* WHAT NEEDS TO BE DONE:
Once the line with "Abhishek Bachchan-starrer Crime" is found in the entries below, print it and each following line exactly, stopping after the line with "Peridis Family Resort foto 5"; print nothing else.

* ENTRIES SUPPLIED:
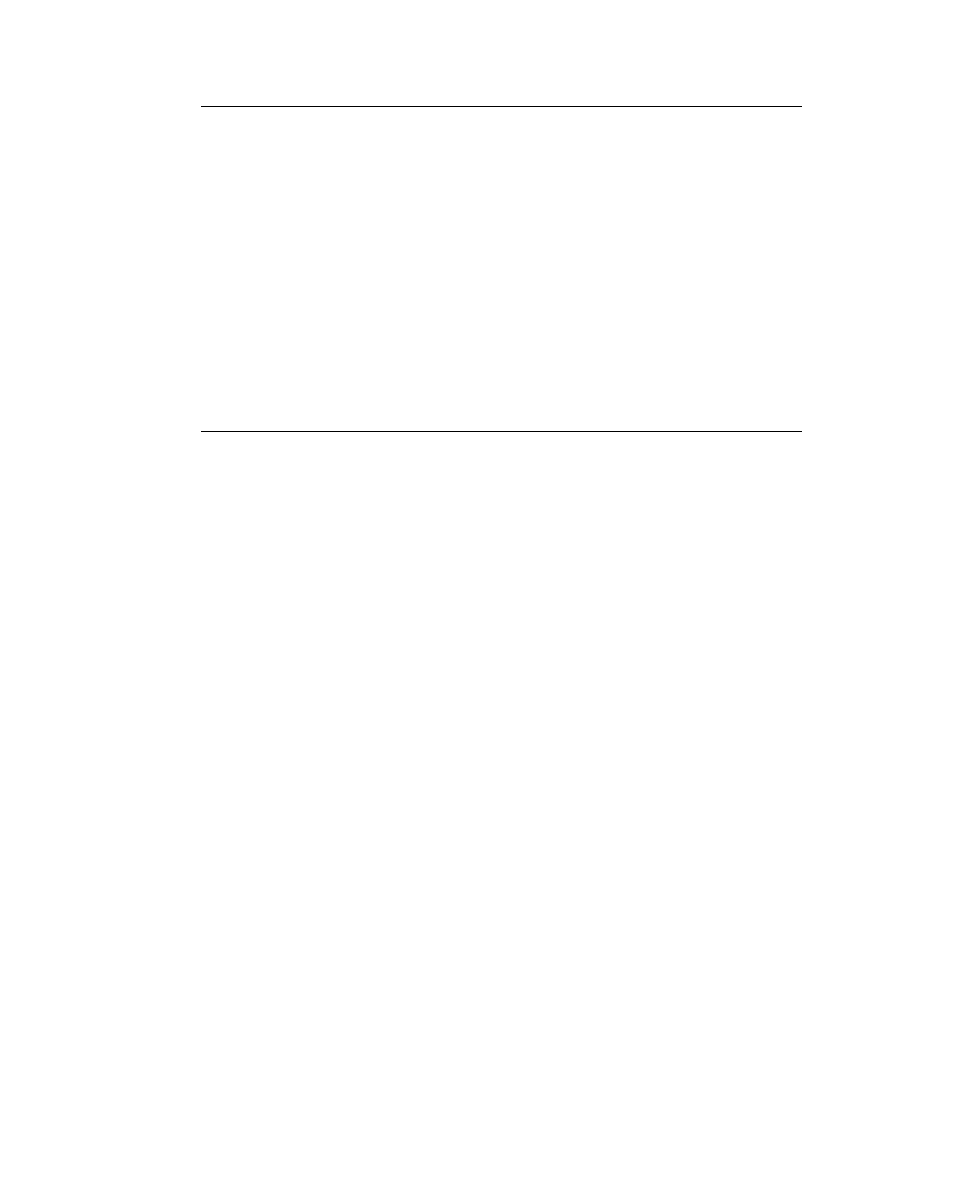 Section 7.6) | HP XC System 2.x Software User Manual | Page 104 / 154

==

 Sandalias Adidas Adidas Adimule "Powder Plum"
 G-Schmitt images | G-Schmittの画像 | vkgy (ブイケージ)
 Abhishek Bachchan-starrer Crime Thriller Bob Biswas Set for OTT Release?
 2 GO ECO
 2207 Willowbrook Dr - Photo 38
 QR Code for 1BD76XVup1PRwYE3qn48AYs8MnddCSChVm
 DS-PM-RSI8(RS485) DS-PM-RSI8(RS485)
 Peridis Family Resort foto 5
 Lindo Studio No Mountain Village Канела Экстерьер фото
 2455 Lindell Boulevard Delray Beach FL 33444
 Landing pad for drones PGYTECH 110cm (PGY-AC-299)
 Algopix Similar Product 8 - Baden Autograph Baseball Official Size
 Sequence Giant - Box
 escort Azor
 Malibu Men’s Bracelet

* ANSWER TO THE EXERCISE:
 Abhishek Bachchan-starrer Crime Thriller Bob Biswas Set for OTT Release?
 2 GO ECO
 2207 Willowbrook Dr - Photo 38
 QR Code for 1BD76XVup1PRwYE3qn48AYs8MnddCSChVm
 DS-PM-RSI8(RS485) DS-PM-RSI8(RS485)
 Peridis Family Resort foto 5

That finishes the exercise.